Michael Ray Hopkin points us to a great video presentation on the rate of change / growth in our society.
One of my favorites – the amount of unique information created this year will exceed the amount created in the previous 5,000 years.
Keeping Up Is Important
Keeping up with the changes in your market is important. In fact, someone has created a product that is driving the changes and defining your market. Is it your product, or someone else’s?
In our article about gaining or extending competitive advantage, we showed how product innovations cause a market to change.
Each innovation acts as a disruptive event. Within a short time horizon (maybe months, depending on your market), each disruptive event is comparably sized. As the video points out, time scales are changing – and the rate at which they are changing is increasing. Markets aren’t just changing, they’re accelerating.

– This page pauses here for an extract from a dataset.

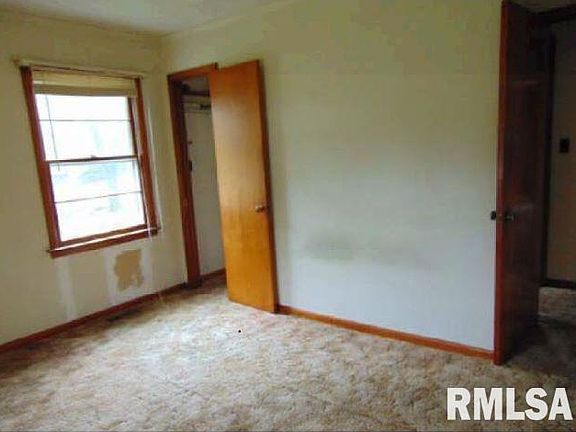 5th image of 305 W Collins St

Not only is it important that you innovate, but your product needs to be the one with the most recent innovation.
Pushing Ahead is Critical
The continual need / value of being the innovator that most recently modified your market leads to an obvious conclusion – you either need to be the company that is constantly redefining your market, or you need to be a very effective second-mover (a.k.a. fast follower). Everyone else increasingly gets left behind. Both strategies require that you stay on top of your market, and then innovate to move ahead.
Your Current Product
Think about what you’re working on today. Consider it relative to the changing markets and your competition. There’s a great line from one or all of (The Hustler, Rounders, The Grifters) – “If you look around the [poker] table, and don’t see the sucker – it’s you.” If you don’t think your market is changing…

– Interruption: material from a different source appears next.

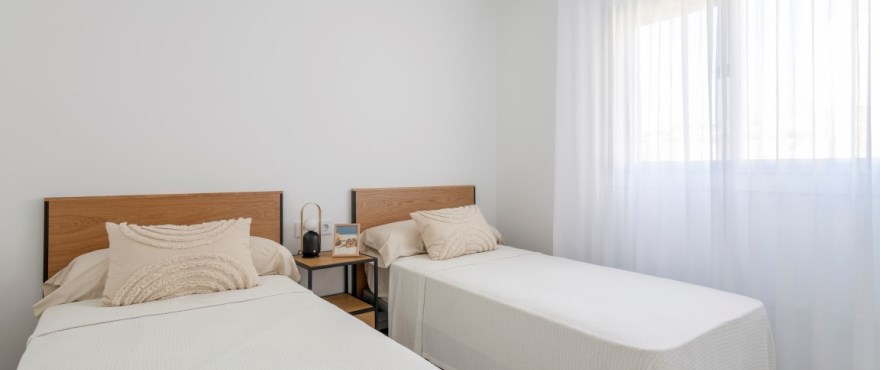 Przestronna i jasna sypialnia Gran Alacant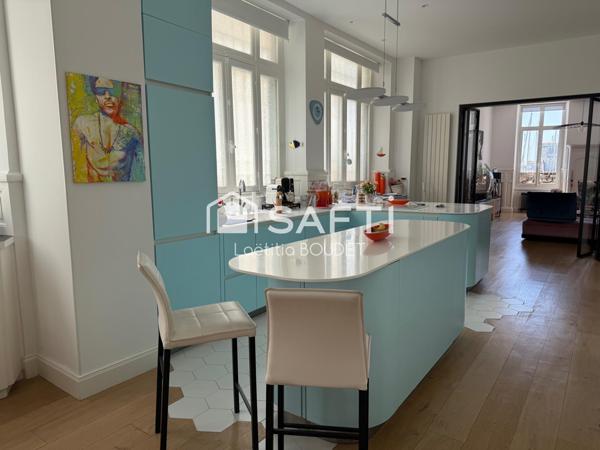 APPARTEMENT DE PRESTIGE 153 m² – Jardin privatif et piscine  LA ROCHELLE – VIEUX PORT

Here are some products/projects I’ve worked on in the past.
- Goal: Replace man-weeks of engineering work during a sales cycle with automation that runs in a few seconds (with better quality). Disruptive. Dominated the market. Until the market reinvented itself, eliminating the need for the engineering work during the sales cycle.
- Goal: Duplicate existing [5 year old] eCommerce site with current platform that allows incremental improvements, with target to provide “same as every other eCommerce site” features.

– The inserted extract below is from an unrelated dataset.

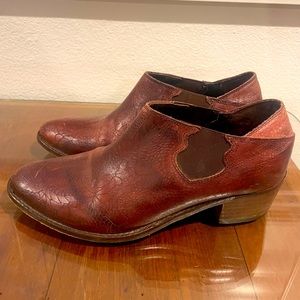 Women’s Wolverine size 9 brown ankle boots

- Goal: Consolidate data for tens of millions of customers from multiple channels, to discover market opportunities and drive business intelligence, while providing operational efficiencies that ‘pay for themselves.’
- Goal: Automate insurance agent licensing, compliance, and compensation to reduce regulatory risk while increasing incentives for agents and lowering operational costs.
- Goal: Redefine how people deal with [something I can't mention] – rethinking a common problem with a novel solution.
The first one absolutely had a great value prop, and truly disrupted the market, then the company failed to stay on top of that market, and lost it. The second one doesn’t even talk about markets. The third one could be a game changer for the company, if it can leverage the data to drive business agility. Otherwise, it is just a nice cost reduction (and some very cool, but otherwise irrelevant) technology. The fourth one drives bottom-line improvements, presenting the company with an opportunity to invest those funds in innovation. The fifth one is all about innovation, and aggressively trying to reshape the market – focusing on the ideas that will be reality in a few months, not what was done years ago. Time will tell if the product is focused on the right market, or the right problems in that market.
What about some of your experiences? How much of your career has been helping companies dominate, and how much of it is slogging along as an also-ran?